“Remember, O man that thou art dust and unto dust shalt thou return.”
Dust and ashes. These are the symbols that mark the beginning of the pilgrimage of love. For that is the deep meaning of Lent. It is all about the renewal of love in our souls and lives, a renewing in us of the divine image in which we are made. That there can be a journey, a pilgrimage, is itself the great good news for our world, weary and in disarray.
T.S. Eliot’s poem, Ash Wednesday, explores the ambiguities of our modern world, our uncertainties and hesitations, the ambiguities and the confusions of our desires. “Because I do not hope to turn again,” it begins, a phrase which functions as a kind of mantra, and one which captures so much of the despair and uncertainty of our world and day. The despair and uncertainty is in ourselves. And yet, hope against hope constantly breaks through as counter to our despair. There is a yearning, a desire for something more. There is prayer. “Teach us to care and not to care/ Teach us to sit still,” echoing the psalm prayer, “be still and know that I am God,” (Psalm 46.10). Eliot’s poem ends with a prayer from the liturgy and which is included in the Penitential Service of our Prayer Book (BCP, p. 614). And let my cry come unto thee.” Hope breaks through and seeks its voice, the voice of prayer.

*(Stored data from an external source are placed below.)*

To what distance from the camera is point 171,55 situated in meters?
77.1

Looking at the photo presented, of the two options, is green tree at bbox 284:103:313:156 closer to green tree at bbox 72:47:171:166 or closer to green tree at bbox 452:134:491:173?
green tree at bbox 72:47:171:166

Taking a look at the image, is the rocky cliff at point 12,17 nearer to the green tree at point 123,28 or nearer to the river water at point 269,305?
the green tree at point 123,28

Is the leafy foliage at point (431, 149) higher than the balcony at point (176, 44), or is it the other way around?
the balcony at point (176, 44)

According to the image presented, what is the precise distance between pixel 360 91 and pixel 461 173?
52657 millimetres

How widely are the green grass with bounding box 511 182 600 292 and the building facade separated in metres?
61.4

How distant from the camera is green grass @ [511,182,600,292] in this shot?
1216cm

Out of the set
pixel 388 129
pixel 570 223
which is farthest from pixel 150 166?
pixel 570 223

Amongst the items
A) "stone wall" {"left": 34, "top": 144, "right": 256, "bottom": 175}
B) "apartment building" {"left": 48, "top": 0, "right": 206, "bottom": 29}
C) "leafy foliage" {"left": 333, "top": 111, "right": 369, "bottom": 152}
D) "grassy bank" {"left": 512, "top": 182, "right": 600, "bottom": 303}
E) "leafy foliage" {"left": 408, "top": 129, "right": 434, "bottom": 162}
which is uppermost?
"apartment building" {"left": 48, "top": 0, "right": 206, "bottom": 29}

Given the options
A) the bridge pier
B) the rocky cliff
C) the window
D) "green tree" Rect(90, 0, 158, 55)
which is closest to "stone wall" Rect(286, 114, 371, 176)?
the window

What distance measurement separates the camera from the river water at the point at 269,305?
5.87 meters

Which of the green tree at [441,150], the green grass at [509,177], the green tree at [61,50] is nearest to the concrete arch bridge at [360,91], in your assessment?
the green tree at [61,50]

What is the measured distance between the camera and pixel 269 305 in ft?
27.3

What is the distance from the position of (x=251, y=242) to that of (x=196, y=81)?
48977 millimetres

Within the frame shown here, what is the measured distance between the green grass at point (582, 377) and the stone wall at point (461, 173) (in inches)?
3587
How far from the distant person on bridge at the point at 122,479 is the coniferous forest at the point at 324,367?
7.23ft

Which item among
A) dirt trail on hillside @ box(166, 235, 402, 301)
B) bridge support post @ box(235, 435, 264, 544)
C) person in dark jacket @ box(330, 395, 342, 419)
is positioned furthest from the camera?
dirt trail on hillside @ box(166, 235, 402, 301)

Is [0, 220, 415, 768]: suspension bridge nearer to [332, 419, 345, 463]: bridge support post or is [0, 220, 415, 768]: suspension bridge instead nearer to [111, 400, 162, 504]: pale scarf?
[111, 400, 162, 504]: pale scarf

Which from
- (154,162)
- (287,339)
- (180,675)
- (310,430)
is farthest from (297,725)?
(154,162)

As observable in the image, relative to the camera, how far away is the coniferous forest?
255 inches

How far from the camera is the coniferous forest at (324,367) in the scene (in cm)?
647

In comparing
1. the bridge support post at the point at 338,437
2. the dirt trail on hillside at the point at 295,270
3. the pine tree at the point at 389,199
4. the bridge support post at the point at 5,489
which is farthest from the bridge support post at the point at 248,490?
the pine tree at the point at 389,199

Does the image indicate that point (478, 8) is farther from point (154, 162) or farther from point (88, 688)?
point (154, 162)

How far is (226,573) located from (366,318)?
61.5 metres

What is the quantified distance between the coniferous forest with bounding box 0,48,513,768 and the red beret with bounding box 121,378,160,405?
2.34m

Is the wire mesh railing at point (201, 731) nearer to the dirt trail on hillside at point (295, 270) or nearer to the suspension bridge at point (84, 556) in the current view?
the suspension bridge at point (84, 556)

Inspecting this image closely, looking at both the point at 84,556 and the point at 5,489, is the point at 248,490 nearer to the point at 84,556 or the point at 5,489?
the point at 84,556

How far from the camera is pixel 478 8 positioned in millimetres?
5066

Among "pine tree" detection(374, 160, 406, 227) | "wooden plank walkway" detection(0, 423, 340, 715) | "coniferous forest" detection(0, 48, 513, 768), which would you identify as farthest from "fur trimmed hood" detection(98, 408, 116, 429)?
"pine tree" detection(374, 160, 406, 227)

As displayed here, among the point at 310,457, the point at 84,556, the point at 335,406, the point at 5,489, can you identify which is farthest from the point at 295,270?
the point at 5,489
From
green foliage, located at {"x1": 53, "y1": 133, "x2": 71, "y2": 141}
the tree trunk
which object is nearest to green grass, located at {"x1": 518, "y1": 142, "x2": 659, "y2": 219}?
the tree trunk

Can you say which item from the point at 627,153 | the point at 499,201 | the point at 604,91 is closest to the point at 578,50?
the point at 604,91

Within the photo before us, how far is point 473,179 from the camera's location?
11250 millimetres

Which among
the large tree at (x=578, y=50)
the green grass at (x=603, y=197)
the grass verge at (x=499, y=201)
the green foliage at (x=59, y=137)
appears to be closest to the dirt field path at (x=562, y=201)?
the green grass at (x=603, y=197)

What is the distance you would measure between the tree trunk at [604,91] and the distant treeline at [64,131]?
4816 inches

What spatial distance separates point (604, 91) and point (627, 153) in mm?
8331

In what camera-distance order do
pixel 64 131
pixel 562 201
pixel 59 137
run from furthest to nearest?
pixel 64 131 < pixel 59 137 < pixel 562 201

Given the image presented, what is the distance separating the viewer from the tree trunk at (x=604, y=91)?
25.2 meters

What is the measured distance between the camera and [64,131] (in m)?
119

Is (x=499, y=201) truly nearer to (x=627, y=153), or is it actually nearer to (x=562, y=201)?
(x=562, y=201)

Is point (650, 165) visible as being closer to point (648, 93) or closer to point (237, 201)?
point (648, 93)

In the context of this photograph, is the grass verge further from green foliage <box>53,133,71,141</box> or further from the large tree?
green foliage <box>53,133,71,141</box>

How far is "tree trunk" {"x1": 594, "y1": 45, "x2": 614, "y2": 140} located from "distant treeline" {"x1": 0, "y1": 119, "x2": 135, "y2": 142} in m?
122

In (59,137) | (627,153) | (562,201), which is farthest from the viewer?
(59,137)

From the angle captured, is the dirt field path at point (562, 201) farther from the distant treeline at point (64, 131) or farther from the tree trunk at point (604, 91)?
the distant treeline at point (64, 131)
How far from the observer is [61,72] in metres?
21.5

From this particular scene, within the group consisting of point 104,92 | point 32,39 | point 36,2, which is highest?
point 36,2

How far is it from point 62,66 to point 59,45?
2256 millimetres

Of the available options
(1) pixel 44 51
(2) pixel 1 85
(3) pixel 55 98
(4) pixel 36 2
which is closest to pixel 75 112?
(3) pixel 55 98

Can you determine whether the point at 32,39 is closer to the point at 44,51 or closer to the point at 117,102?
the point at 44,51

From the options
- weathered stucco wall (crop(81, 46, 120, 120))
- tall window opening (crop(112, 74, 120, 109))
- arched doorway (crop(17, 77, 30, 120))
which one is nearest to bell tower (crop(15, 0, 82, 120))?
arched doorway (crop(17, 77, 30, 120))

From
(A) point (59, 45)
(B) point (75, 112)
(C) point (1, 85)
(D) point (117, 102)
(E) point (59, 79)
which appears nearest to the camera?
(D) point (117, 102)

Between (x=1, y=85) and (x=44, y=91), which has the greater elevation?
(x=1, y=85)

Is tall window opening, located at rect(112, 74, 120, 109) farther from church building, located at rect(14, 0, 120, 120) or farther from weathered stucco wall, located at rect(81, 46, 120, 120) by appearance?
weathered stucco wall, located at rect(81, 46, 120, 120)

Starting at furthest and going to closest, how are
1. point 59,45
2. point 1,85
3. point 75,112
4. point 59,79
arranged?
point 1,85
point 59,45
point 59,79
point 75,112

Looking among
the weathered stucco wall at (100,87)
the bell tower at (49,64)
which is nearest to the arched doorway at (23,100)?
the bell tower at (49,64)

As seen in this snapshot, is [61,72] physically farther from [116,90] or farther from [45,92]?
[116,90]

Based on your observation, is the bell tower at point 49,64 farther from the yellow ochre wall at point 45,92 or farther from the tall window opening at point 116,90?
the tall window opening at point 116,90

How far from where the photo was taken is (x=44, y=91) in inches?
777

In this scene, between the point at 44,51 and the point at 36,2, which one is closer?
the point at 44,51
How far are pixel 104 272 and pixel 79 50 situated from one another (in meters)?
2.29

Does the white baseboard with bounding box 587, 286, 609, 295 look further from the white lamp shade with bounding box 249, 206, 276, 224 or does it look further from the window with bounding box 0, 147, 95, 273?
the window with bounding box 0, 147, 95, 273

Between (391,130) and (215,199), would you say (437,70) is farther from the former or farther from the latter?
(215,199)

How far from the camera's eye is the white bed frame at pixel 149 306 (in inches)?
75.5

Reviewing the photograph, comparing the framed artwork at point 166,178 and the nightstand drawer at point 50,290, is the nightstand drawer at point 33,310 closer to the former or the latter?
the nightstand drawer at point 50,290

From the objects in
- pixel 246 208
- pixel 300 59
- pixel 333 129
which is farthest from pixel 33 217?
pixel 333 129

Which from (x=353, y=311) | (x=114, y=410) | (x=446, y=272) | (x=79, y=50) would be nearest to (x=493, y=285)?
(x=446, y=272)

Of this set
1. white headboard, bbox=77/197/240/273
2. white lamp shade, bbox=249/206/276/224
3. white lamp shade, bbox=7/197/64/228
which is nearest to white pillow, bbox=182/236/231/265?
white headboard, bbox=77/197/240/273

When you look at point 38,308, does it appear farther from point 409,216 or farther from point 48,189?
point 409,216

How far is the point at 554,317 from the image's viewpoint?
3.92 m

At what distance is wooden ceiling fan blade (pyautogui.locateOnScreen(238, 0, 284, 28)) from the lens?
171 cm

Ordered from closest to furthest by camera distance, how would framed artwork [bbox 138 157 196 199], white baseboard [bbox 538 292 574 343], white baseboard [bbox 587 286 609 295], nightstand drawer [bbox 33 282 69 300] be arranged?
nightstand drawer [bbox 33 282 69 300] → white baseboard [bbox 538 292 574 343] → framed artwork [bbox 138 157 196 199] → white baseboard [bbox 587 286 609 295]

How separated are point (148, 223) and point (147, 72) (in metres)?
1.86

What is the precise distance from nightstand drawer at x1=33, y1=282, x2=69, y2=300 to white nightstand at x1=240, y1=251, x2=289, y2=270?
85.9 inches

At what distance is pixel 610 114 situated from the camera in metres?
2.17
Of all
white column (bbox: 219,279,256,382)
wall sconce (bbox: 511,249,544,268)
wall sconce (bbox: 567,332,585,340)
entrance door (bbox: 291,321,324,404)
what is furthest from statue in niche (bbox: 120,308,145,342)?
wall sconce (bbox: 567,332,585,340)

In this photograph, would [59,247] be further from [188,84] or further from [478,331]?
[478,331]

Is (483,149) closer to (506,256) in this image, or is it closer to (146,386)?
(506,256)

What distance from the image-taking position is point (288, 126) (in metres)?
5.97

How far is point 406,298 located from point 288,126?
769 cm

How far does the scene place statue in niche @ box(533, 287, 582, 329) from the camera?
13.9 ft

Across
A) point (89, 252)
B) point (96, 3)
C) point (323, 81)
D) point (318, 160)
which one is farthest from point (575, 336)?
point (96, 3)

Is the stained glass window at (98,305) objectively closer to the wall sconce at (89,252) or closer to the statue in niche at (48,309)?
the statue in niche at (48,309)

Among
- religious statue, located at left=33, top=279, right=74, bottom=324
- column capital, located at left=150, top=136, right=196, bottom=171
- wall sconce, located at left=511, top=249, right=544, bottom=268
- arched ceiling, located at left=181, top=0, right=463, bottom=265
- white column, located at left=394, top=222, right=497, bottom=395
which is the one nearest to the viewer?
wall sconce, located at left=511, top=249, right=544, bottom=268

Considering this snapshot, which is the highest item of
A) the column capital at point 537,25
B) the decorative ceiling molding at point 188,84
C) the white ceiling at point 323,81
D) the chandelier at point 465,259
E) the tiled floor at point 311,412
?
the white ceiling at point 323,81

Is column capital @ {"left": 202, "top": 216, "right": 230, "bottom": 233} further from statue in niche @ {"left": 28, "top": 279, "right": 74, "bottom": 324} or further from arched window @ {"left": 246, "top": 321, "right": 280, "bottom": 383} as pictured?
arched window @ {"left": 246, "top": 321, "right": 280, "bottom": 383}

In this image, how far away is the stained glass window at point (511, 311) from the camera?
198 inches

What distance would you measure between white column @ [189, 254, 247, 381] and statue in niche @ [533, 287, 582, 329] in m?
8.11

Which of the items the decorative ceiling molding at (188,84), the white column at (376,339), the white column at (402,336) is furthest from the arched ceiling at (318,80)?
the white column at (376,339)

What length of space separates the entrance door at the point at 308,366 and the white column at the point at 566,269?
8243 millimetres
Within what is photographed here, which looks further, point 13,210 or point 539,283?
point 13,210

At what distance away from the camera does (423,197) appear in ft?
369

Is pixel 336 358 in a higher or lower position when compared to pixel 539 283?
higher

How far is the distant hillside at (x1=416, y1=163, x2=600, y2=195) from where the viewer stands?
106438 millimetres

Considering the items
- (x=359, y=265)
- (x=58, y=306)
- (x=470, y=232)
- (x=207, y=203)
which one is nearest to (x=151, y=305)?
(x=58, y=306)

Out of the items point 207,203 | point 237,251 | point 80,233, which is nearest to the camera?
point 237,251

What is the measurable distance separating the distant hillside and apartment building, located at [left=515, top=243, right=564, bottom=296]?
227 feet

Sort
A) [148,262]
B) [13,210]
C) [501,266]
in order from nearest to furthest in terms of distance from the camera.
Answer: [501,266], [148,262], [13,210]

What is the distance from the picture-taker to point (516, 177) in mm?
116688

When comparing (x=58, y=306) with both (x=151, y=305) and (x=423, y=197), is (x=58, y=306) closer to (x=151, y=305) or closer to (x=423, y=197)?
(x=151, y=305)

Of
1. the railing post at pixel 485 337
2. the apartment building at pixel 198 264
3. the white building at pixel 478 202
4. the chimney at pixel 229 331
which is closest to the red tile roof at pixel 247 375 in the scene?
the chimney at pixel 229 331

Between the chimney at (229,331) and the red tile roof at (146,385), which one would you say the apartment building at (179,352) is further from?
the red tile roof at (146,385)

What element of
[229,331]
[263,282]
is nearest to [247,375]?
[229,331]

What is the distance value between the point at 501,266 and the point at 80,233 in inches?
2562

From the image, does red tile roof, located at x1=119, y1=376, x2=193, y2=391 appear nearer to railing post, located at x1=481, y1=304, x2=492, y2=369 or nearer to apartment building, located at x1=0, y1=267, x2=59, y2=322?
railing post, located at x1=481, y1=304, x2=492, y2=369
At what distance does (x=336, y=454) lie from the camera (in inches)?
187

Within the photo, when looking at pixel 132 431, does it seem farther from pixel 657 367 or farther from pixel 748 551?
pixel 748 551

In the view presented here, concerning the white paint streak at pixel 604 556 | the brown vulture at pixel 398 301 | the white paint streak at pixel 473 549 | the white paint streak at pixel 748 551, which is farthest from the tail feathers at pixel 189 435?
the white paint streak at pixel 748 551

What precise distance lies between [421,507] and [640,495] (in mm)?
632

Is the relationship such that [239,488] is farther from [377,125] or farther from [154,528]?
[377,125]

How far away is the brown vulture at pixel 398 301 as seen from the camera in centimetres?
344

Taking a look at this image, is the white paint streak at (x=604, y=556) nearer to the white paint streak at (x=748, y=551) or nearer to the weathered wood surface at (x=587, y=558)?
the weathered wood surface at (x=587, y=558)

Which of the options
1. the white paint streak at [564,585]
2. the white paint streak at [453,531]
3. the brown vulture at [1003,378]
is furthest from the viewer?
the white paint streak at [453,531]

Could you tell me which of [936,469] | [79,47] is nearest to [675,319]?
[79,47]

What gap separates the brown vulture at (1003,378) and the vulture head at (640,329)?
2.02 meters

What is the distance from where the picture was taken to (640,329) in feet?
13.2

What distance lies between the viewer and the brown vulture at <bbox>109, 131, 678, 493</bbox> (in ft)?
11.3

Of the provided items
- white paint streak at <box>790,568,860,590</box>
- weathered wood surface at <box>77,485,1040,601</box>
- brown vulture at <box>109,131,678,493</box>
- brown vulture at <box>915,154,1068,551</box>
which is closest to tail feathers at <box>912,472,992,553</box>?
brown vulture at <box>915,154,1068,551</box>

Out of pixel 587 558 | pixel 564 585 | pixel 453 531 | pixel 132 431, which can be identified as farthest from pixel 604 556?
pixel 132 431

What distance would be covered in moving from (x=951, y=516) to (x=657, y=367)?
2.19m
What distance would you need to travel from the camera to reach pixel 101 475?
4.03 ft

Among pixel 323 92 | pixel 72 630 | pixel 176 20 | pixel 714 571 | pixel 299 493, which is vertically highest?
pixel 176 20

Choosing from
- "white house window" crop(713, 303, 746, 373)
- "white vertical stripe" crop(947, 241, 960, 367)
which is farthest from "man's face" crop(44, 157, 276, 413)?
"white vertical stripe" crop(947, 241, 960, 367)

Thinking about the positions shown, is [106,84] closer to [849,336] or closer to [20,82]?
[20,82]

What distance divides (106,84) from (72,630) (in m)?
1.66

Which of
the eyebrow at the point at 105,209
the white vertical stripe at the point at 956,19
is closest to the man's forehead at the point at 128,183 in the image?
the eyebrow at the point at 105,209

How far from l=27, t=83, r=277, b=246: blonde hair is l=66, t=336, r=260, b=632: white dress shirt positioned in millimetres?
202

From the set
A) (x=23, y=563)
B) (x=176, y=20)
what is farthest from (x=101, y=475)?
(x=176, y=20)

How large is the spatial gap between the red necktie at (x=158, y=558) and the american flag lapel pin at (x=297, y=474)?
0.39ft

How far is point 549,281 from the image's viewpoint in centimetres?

Dust and ashes. They are the profound symbols that recall us to the truth of our humanity. Dust recalls us to creation, specifically to our human creation as the dust into which God has breathed his spirit, the concrete expression of our uniqueness as being made in the image of God, but as well having a connection to everything else in the created order. We are not the authors of our own being. “It is he that hath made us, and not we ourselves,” as the Psalmist puts it (Ps. 100). The dust is a strong reminder of our origins, of the truth of our being. “Remember, O man, that thou art dust.” It is something inescapable, something which can only be forgotten at our peril, for “unto dust shalt thou return.” We cannot escape our creatureliness. Denial is the folly of despair. No. The struggle must be to reclaim our being as made in the image of God.